I'm playing with this little snippet:

#include <tuple>

struct copy_only
{
    copy_only() = default;
    copy_only(copy_only&&) = delete;
    copy_only(const copy_only&) = default;
};

template <typename ...Ts>
void foo(Ts&& ...xs)
{
    auto t = std::make_tuple(std::forward<Ts>(xs)...);
    (void) t;
}

int main()
{
   foo(copy_only{});
}

It compiles fine with gcc7 and clang3.6, clang3.7, clang3.8 (Wandbox), and clang8.0 (macOS Sierra). It doesn't compile with clang3.9, g++6.2 (macOS Sierra) nor with clang4.0 (Wandbox). All of them complain about deleted move constructor.

It works fine with move-only types. At least on the above compilers available on Wandbox.

Is this code an example of a correct way of generic perfect forwarding into a tuple in c++14?

Answer 1

    auto t = std::make_tuple(std::forward<Ts>(xs)...);

This is indeed a correct way of forwarding arguments into a tuple.

The compile errors you get are caused by explicitly declaring copy_only's move constructor as deleted. Normally, if you declared a copy constructor, it'd be omitted and in move contexts the copy constructor would be chosen - as it has since C++98. But because you explicitly declared it, it does participate in the overload resolution and causes the code to be ill-formed if selected.

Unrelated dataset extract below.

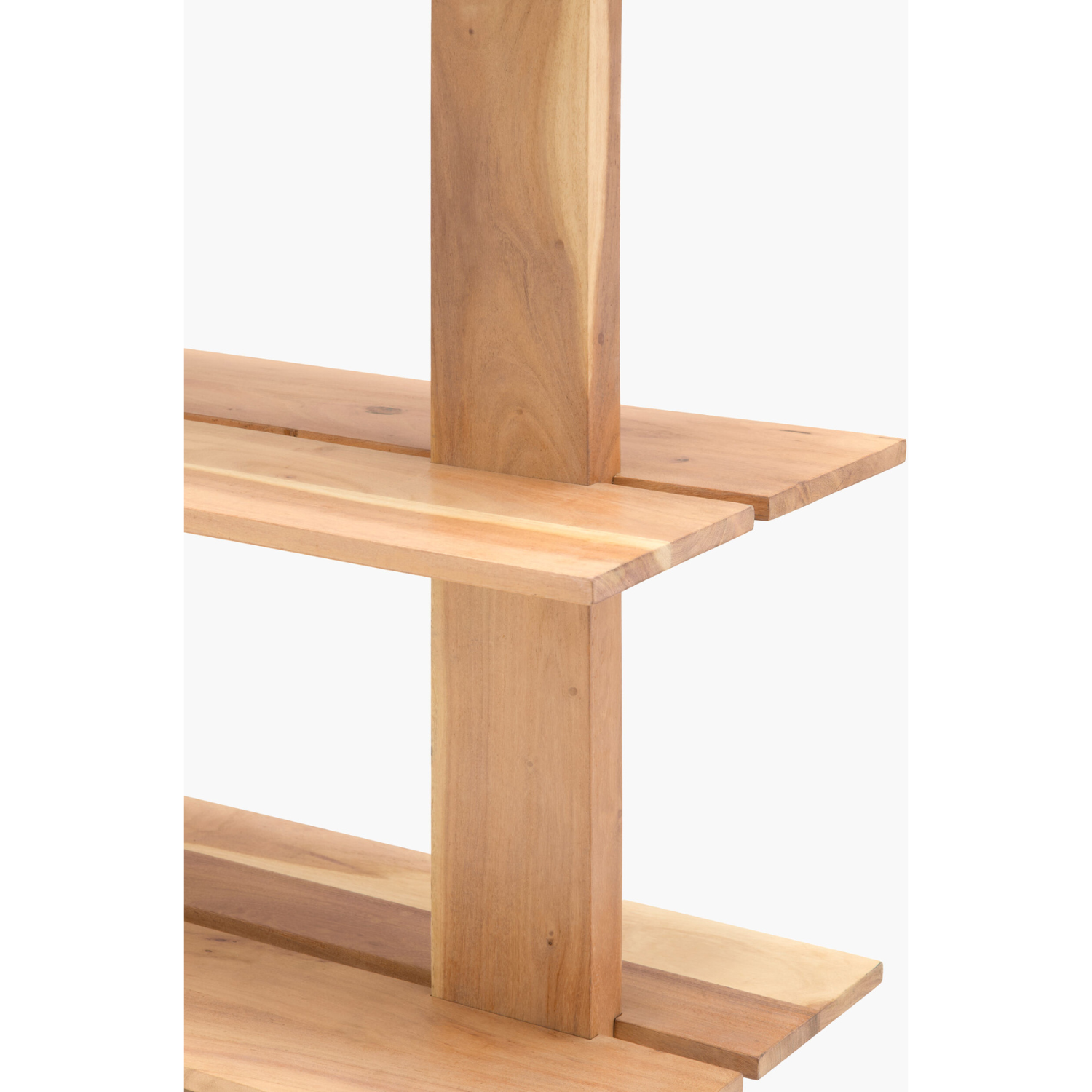 Severo Bookcase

Here's a helpful chart courtesy of Howard Hinannt:

This can be solved by removing the offending line from the class definition:

struct copy_only
{
    copy_only() = default;
    //copy_only(copy_only&&) = delete;
    copy_only(const copy_only&) = default;
};

---

Now, as to whether your code should compile or not: as far as I can tell, it should. tuple's move constructor is defined as:

tuple(tuple&& u) = default;

Requires: is_move_constructible<Ti>::value is true for all i.

Since copy_only is not move constructible, it shouldn't be declared and shouldn't participate in overload resolution.